Use CommitPartition
to publish new or deleted partitions. You can mix both creation and deletion in the same publication.
The HERE platform supports following types of layers.
- versioned
- volatile
- index
- stream
- objectstore
Stream / Volatile Layers
The platform stream and volatile layers may contain data that smaller than its metadata , which means there is no reason to publish metadata separately from the data. For information on publishing a stream/volatile layer, see Publish Data.
Versioned Layers
Catalogs are empty when you first create them. All versioned layers are at version ∅.
To publish you first publication to a versioned layer, add the following:
val publishApi = DataClient().publishApi(catalogHrn, settings)
val partitions =
Source(
List(
CommitPartition.newCommitPartition(
partition = partitionId1,
layer = versionedLayerId,
dataHandle = "example-data-handle"
),
CommitPartition.newCommitPartition(
partition = partitionId2,
layer = versionedLayerId,
dataHandle = "example-data-handle"
)
)
)
val firstPublish: Future[Done] =
publishApi.publishBatch2(
baseVersion = None,
Some(Seq(versionedLayerId)),
dependencies = Seq.empty,
partitions = partitions
)
PublishApi publishApi = DataClient.get(myActorSystem).publishApi(catalogHrn);
CommitPartition newPartition1 =
new CommitPartition.Builder()
.newPartition()
.withPartition(partitionId1)
.withDataHandle("<example-data-handle>")
.withLayer(layer)
.build();
CommitPartition newPartition2 =
new CommitPartition.Builder()
.newPartition()
.withPartition(partitionId2)
.withDataHandle("<example-data-handle>")
.withLayer(layer)
.build();
ArrayList<CommitPartition> partitionList = new ArrayList<>();
partitionList.add(newPartition1);
partitionList.add(newPartition2);
Source<CommitPartition, NotUsed> partitions = Source.from(partitionList);
CompletableFuture<Done> futurePublish =
publishApi
.publishBatch2(
emptyVersion,
Optional.of(Arrays.asList(layer)),
Collections.emptyList(),
partitions)
.toCompletableFuture();
When you publish updates to a versioned layer, you need to provide a base version, which is the current version of the catalog at the time of publication. The base version is used to ensure that the catalog version has not changed during the publication processing, which could lead to data inconsistency.

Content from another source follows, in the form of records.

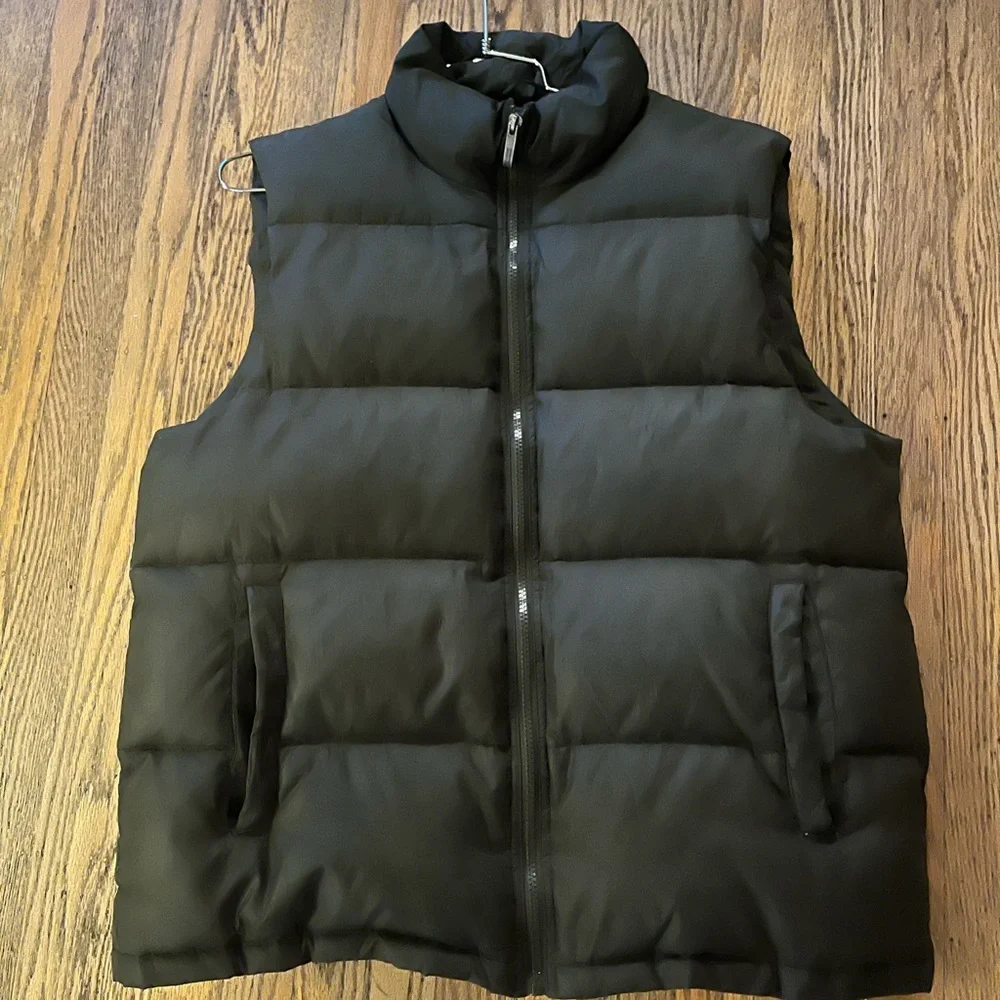 Kenneth Cole Puffy Vest - Picture 1 of 3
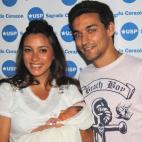 Felices y sonrientes, el futbolista Jesús Navas y su mujer Alejandra Moral han presentado en Sevilla a su primer hijo, Jesús. Llevan casados poco más de un año.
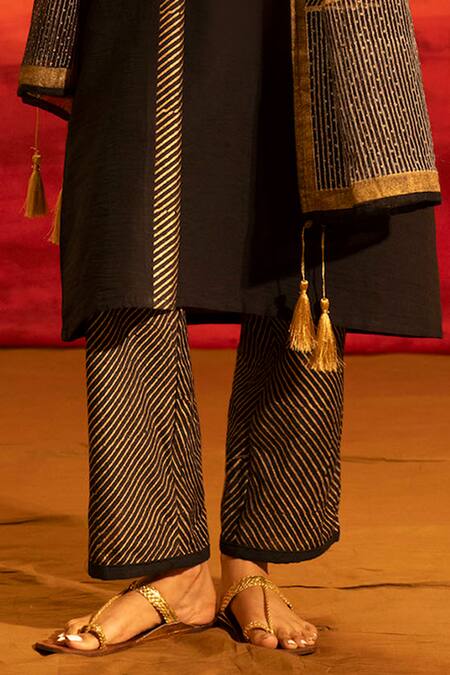 Buy_Banana Labs_Black Cotton, Kota Doria Scoop Neck Striped Tunic Pant Set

To publish you an update to a versioned layer, add the following:
val nextPublishPartitions =
Source(
List(
CommitPartition.newCommitPartition(
partition = partitionId1,
layer = versionedLayerId,
dataHandle = "example-data-handle"
),
CommitPartition.deletedPartition(
partition = partitionId2,
layer = versionedLayerId
)
)
)
val nextPublish: Future[Done] =
for {
baseVersion <- publishApi.getBaseVersion()
_ <- publishApi.publishBatch2(
baseVersion = baseVersion,
Some(Seq(versionedLayerId)),
dependencies = Seq.empty,
partitions = nextPublishPartitions
)
} yield Done
CommitPartition nextPublishPartition1 =
new CommitPartition.Builder()
.newPartition()
.withPartition(partitionId1)
.withDataHandle("<example-data-handle>")
.withLayer(layer)
.build();
CommitPartition deletePartition2 =
new CommitPartition.Builder()
.deletePartition()
.withPartition(partitionId2)
.withLayer(layer)
.build();
ArrayList<CommitPartition> nextPublishPartitionList = new ArrayList<>();
partitionList.add(nextPublishPartition1);
partitionList.add(deletePartition2);
Source<CommitPartition, NotUsed> nextPublishPartitions = Source.from(nextPublishPartitionList);
CompletableFuture<Done> futureNextPublish =
publishApi
.getBaseVersion()
.thenCompose(
baseVersion ->
publishApi.publishBatch2(
baseVersion,
Optional.of(Arrays.asList(layer)),
Collections.emptyList(),
nextPublishPartitions))
.toCompletableFuture();
Base Versions and Version Dependencies
When you start a batch, you must provide a base version
, to which the publication handled by the batch is relative. The base version
must be the latest version of the catalog. The base version
is used to ensure that the publication is relative to the version your batch assumed, and no concurrent publication to the same layer was applied.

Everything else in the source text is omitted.